▸ About this exercise: Only some lines are wanted: please transcribe exactly those from the one containing "Certified 2024 Jeep" through the end of the data, pictures excluded.

▸ Given data:
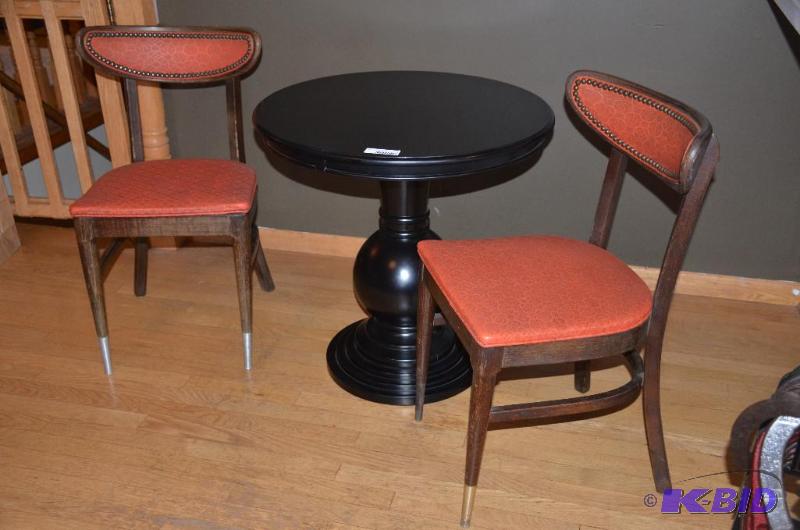 lot 4 image: Wood round table 26" diameter and 2 ...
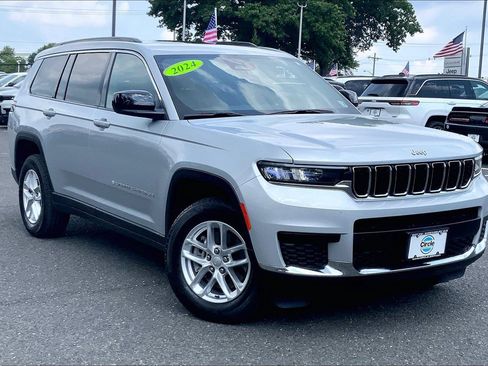 Certified 2024 Jeep Grand Cherokee L Laredo AWD/4WD image 2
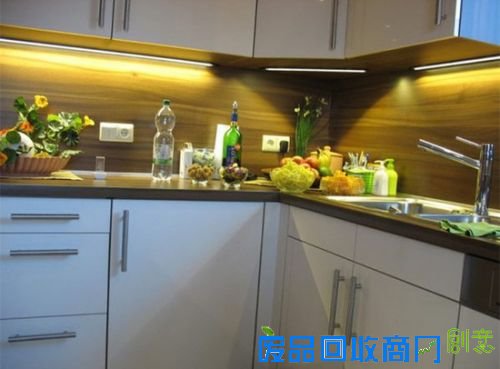 感应橱柜灯 增添厨房小情趣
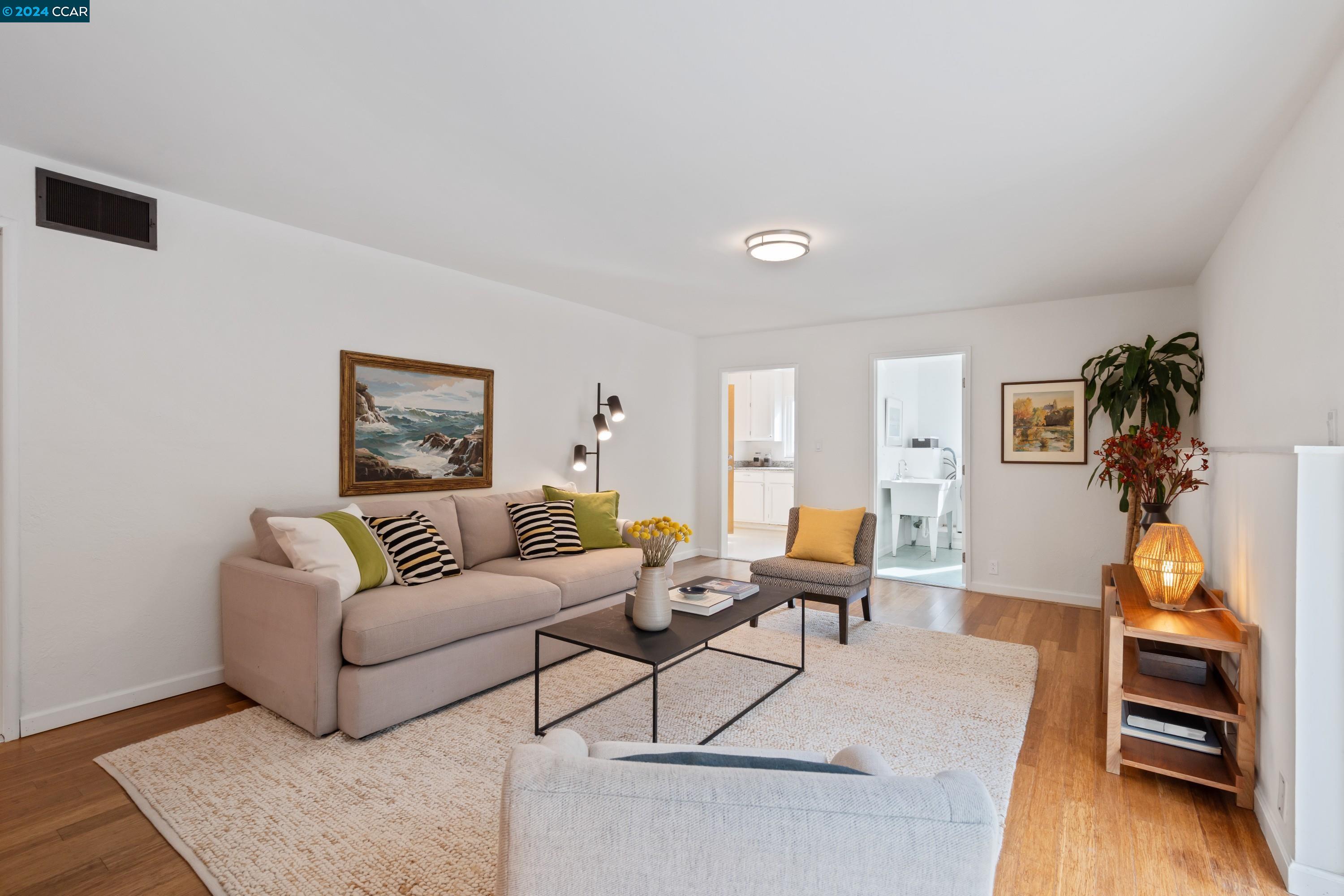 4165 Laguna Ave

▸ Solution to this exercise:
 Certified 2024 Jeep Grand Cherokee L Laredo AWD/4WD image 2
 感应橱柜灯 增添厨房小情趣
 4165 Laguna Ave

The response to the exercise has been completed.